Being business owners, most of our clients hold more cash than the average person. The cash often acts as ballast for the heavy concentration (and potential risk) in a single asset – the business. The primary purpose of the cash is not to earn a rate of return (if it does, all the better). The primary purpose of the cash is to have liquidity ready and available should something go wrong with the business, or in the event a great opportunity becomes available for the business.
We have no issue with this strategy, even amidst today’s financial repression. We want our families and their businesses to be resilient and to be able to take advantage of opportunities (which often come when others are scrambling to service debt and sell assets). There’s a cost to that (in the form of losing a few percentage points to inflation each year) but it’s a cost we can live with given the benefit of resilience when viewed over multiple business cycles.
Separately, we currently suggest that clients hold some cash in their traditional investment portfolios. But why? If one is concerned about inflation in the near/medium-term (and we are) and if one is concerned about the value of money declining substantially in the longer-term (and we are), why hold an eroding asset like cash?
The principles we lean on (resilience and future opportunity) to answer those questions are similar to those discussed above in the context of business ownership. And with U.S. stock indexes at nosebleed levels and no shortage of speculative behavior, we think those principals are more than appropriate today.
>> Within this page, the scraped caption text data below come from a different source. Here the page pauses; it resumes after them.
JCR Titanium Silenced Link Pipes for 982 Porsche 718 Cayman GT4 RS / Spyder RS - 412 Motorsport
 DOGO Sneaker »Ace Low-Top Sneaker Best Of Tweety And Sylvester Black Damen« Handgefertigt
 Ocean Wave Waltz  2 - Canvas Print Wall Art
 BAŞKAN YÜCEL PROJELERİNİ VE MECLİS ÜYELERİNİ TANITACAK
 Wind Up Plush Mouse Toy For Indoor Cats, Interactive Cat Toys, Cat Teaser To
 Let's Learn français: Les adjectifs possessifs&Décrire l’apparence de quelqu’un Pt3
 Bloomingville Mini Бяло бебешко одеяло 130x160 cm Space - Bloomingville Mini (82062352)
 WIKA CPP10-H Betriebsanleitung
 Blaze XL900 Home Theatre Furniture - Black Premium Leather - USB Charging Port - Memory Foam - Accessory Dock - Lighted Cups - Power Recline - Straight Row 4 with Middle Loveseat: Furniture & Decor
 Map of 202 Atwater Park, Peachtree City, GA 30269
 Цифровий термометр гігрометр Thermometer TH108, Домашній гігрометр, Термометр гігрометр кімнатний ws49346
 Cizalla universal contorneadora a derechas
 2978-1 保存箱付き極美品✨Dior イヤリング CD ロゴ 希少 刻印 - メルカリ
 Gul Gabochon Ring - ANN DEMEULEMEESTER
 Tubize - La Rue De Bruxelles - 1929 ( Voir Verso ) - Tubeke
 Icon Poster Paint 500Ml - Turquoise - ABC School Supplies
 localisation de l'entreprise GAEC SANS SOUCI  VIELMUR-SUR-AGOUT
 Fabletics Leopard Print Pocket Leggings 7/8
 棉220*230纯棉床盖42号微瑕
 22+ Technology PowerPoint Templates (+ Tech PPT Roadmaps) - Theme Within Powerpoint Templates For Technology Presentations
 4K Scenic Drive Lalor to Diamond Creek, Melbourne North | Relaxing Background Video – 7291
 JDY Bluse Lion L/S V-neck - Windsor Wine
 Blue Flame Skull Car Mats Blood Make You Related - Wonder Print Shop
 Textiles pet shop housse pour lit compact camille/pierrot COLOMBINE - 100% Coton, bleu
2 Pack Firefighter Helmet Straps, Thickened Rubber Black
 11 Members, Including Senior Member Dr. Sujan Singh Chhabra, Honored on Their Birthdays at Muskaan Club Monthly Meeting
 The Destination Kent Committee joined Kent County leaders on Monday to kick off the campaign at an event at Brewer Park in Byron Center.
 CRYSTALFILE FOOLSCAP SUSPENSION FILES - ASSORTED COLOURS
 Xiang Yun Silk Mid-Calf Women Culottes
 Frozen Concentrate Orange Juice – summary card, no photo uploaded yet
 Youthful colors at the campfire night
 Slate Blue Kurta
But more specifically…first, the goal for a long-term investment portfolio is to protect and grow purchasing power at the portfolio level. We don’t necessarily need every component of the portfolio to win against inflation/debasement, we just need enough of the portfolio to win in order to ensure we don’t suffer an aggregate loss of purchasing power.
And if we can do that – and here’s my second point – it allows for cash in the portfolio to act as an option on future bargains. Crises are inevitable and cash gives us the ability to take advantage rather than running scared.
Third, cash has not fared as badly in past inflationary periods as one might think, and cash can benefit from rising yields if interest rates follow inflation higher (not true for long-term bonds).
Having said that, we do not expect interest rates to necessarily follow inflation higher in this cycle. We also want to be wary of having a lot of cash in the portfolio for long periods of time (e.g., a decade).We’re paying close attention to those considerations as we think about what lies ahead over the next 5-10 years.
Cash still has value, even if it’s not obvious today.